Simply put, water enters these separators; a mechanical process then ensues in which the gas is extracted and sent up to the production system through pipes.

The water is then pushed back to the lake through an exit-valve on one of the separators. Early July, the first pair of these separators was sunk into the lake to begin the gas extraction process.

However, something wasn’t right with their positioning under the lake making them to malfunction; it was decided that they needed to be retrieved to the lake surface, checked, fixed and re-installed.

The process required professional divers. It also required the presence of the engineers who designed the separators, plus it required the purchase of certain machinery that had to be looked for, imported and flown into the country.

"Everything considered, we have lost about a month,” Gummerus said.
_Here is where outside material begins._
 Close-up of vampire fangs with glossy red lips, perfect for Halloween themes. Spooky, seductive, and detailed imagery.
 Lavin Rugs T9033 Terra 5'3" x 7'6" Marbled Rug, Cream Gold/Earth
The project has hired six divers from South Africa. They also flew in one of the separators’ designers from Germany. Both expert-teams have been at work, the divers retrieved the separators and the engineer reworked the designs.
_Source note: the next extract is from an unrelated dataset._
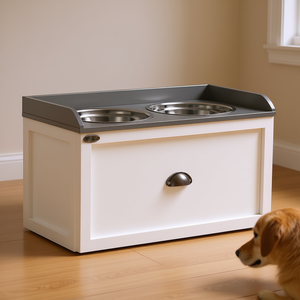 White Steel Pet Dish <b>Bowl</b> <b>Set</b> With Storage Drawer Raised Feeder For <b>Dogs</b> Cats Indoor Use - Product Image 2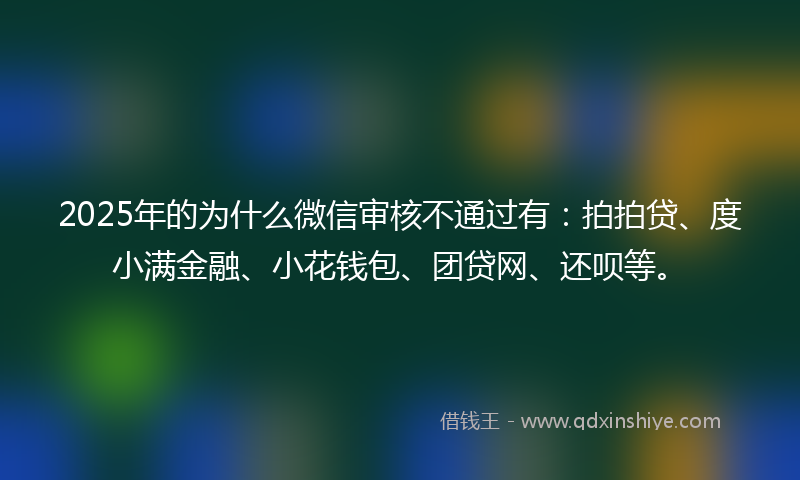 2025年的为什么微信审核不通过有：拍拍贷、度小满金融、小花钱包、团贷网、还呗等。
As of Friday, last week, they had finished their work and the pair of separators was ready to be reinstalled into the lake when another complication emerged.

The exit-valve on one of the separators had somehow jammed, it wasn’t opening; it means after separating the gas, the water couldn’t be released back into the lake…since the valve was closed.

Engineers spent all Friday trouble-shooting to figure out what was wrong with the valve. Once they fix that, the first pair of the separators will be re-installed into the lake followed by the other pair.

October deadline

The first gas is expected be extracted this week on Thursday, if the planned installation of the separators is successful; by early next month, the plant will have ‘full gas,’ said Gummerus.

"We should expect to have electricity from the plant to the national grid in mid-October,” he said.

There’s a 14-km pipeline connecting the production centre to the power-plant just a few metres on the lakeshore. Preparations for the second phase of another 25mw are also ongoing; there will be four production centres in total, each with a 25mw capacity.

"With lessons from the pilot phase, these should be much easier to set up,” Gummerus said.